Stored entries
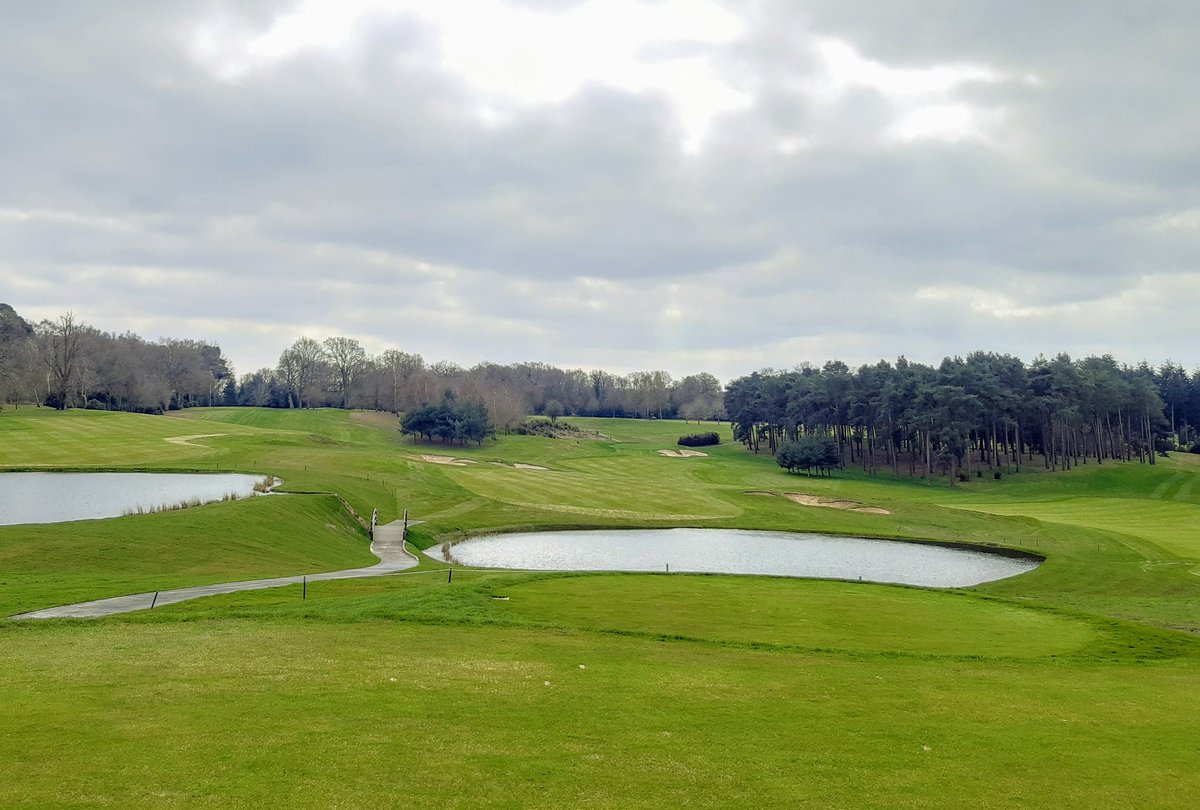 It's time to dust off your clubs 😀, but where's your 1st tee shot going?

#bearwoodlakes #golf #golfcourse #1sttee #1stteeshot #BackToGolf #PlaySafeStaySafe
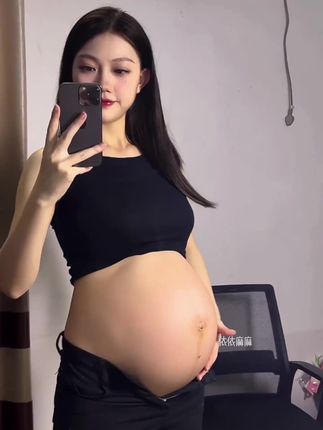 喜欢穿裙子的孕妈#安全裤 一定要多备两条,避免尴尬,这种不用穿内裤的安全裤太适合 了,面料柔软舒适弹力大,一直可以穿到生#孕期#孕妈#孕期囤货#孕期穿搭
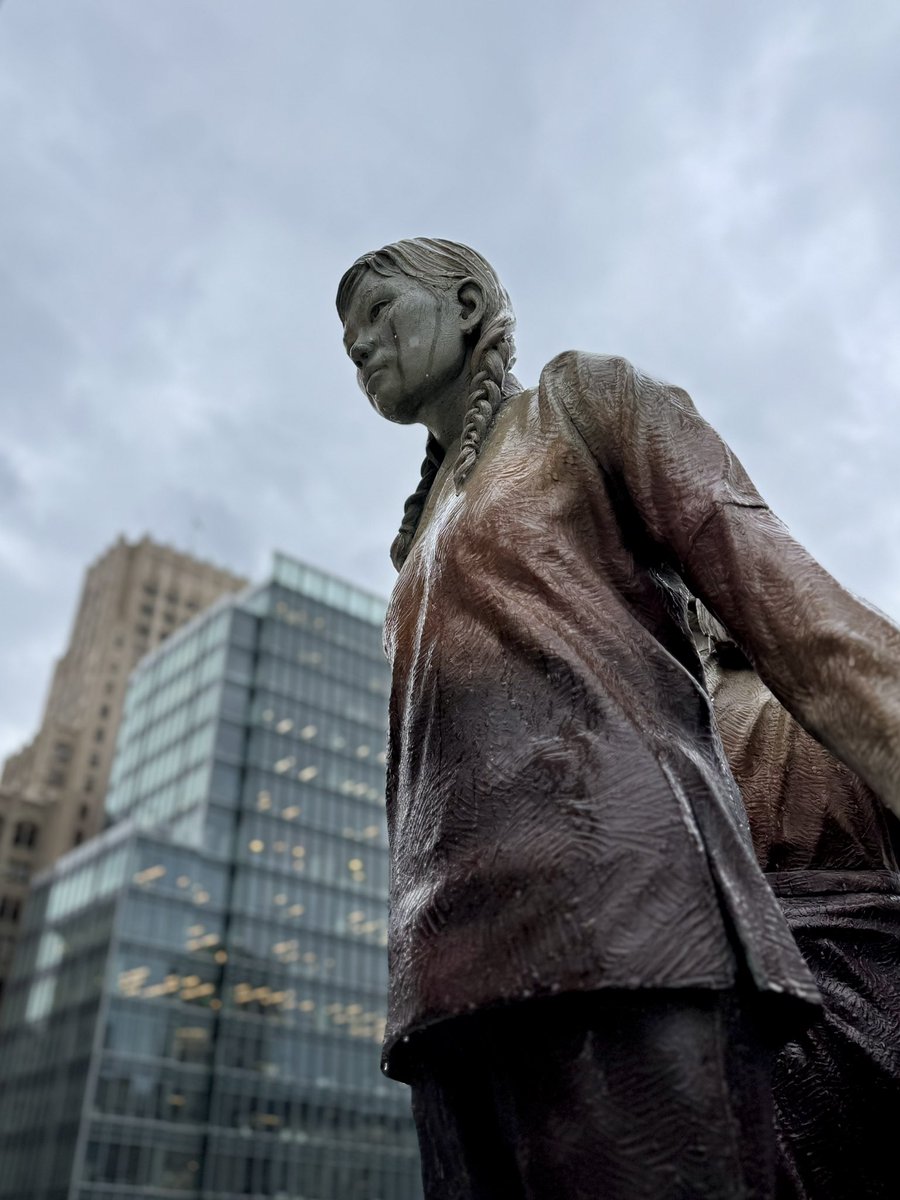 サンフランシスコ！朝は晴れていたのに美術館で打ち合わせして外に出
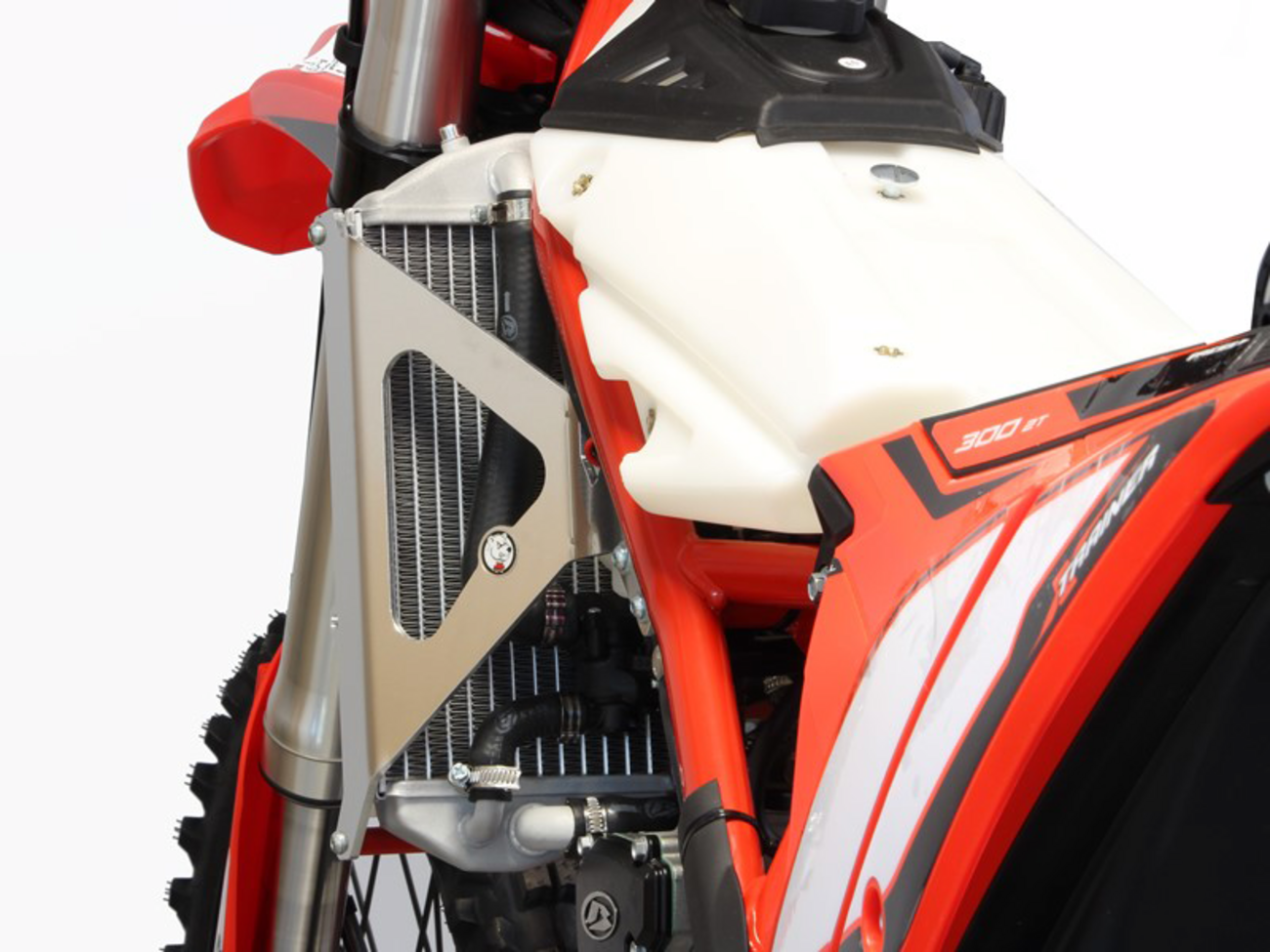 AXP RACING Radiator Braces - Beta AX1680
--
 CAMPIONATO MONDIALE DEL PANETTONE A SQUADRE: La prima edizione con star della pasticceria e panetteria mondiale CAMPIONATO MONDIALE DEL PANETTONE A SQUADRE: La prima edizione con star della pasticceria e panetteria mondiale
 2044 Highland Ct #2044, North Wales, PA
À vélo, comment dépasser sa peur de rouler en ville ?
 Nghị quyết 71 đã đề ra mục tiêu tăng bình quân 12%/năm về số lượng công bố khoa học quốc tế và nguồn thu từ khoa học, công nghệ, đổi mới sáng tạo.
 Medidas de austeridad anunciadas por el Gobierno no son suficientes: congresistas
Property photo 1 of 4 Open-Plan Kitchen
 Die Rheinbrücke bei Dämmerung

» **THE TASK**: Reproduce exactly the section above that begins at the line containing "À vélo, comment" and ends at the line containing "Die Rheinbrücke bei Dämmerung", leaving out all other lines.

» **YOUR SOLUTION**:
À vélo, comment dépasser sa peur de rouler en ville ?
 Nghị quyết 71 đã đề ra mục tiêu tăng bình quân 12%/năm về số lượng công bố khoa học quốc tế và nguồn thu từ khoa học, công nghệ, đổi mới sáng tạo.
 Medidas de austeridad anunciadas por el Gobierno no son suficientes: congresistas
Property photo 1 of 4 Open-Plan Kitchen
 Die Rheinbrücke bei Dämmerung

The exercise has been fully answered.